Now let's look at the wisdom of that. If you really want to know what the quality of manufacture is, the size of the aperture and the presence of a secondary obstruction don't matter. You are only concerned about how the wavefront converges on the focal plane. It either propagates perfectly or it does not.
As I mentioned earlier, the polychromatic Strehl is not really influenced so much by the manufactured quality. In a refractive optic, it is set by the types of glass used, curves in the glass chosen by the designer, and the spacing of those curves. This is what sets the polychromatic Strehl. No amount of precision in manufacter can raise this number. It is not usually included in bench tests though because again, the interferometer test is really just looking at how well the curves were generated. It does not really know where the different focal points of the light are. Now if you tested in several colors you could derive the polychromatic Sthrehl, but why would you do that if you were really just looking to see how well the scope was made?
To the OP though, your question was excellent.

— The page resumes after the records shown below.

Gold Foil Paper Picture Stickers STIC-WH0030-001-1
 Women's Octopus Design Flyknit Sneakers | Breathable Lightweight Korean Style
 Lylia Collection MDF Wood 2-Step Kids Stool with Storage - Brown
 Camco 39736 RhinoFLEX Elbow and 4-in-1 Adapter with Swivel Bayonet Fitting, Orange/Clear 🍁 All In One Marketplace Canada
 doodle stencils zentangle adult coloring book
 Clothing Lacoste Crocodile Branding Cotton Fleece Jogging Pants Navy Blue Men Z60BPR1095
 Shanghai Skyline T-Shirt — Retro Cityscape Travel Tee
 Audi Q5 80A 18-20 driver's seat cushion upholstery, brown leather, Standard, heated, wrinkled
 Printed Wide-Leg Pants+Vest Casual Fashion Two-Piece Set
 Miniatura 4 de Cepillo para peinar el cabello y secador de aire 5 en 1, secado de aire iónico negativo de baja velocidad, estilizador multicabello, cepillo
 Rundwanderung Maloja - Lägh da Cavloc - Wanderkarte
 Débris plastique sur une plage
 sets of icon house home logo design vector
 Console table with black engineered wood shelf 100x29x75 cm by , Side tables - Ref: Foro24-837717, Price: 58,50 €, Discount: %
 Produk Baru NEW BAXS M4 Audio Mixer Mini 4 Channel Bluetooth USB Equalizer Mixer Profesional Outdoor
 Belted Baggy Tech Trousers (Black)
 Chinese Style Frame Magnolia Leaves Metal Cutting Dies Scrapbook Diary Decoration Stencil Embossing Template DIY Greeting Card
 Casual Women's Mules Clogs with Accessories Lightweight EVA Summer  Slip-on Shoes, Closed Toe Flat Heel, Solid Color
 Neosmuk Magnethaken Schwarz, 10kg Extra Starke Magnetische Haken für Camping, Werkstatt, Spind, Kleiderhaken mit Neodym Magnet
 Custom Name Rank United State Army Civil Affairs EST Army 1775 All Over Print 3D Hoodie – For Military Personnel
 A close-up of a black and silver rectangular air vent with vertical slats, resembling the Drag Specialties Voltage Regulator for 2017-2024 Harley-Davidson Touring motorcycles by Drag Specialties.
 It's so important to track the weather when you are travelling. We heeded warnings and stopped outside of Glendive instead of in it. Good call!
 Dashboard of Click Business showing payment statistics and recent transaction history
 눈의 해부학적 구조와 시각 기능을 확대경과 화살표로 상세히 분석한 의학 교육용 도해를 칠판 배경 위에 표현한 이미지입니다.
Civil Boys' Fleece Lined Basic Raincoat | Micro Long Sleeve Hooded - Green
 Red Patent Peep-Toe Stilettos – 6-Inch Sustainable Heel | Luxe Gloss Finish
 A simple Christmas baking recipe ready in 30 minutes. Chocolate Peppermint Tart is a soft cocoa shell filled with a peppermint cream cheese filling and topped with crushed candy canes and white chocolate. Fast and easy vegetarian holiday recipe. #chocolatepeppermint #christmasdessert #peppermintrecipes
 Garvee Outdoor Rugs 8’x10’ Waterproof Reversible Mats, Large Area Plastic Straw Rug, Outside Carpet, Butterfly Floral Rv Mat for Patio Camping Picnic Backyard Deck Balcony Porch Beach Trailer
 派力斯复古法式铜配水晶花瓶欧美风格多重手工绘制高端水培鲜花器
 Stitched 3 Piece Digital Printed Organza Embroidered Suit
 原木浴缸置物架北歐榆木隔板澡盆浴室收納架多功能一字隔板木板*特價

And here is the hypocrisy of the refractor forum. I have seen this many times over the last 20 years.. Someone in the refractor forum will complain that Strehl testing of reflectors does not really tell the full story, because well, you know, if you included the obstruction, the Stehl of a C8 would never be better than .8 so they say that all C8s have a Strehl of .8 at best. (And of course this is malarky because the Strehl value is as I have repeated several times, a mesurement of optical quality and optical quality alone).
These same people though simply choose to ignore that when CA and Spherochromatism, they have the exact same result as a secondary obstruction, which is that they lower contrast. As the tables I referenced above show, a 100mm f/10 achromat has about the same contrast loss as would be experiences with a 100mm reflector with a 30% obstruction.
People can demonize the contrast loss of a secondary obstruction but give a total head in the sand pass on contrast loss caused by CA and spherochromatism, which can both be quite bad in large, fast achomats. By comparison, the contrast loss of a secondary in a marvelous scope like the Intes Micro MN66 is almost nothing, being less than some of the fast ED doublets out there.
Anyone that is a refractor lover and that thinks that a secondary obstruction is the end of the world should beg for a peek though an MN76 if they ever get to look though one at a star party. Spectacular telescopes. Most people on CN will never own a refractor that will beat an MN76 on contrast. Heck most will never own a refractor than can beat an MN 66 on contrast. Buy comparisn to CA in many scopes, a 17% obstruction is nothing.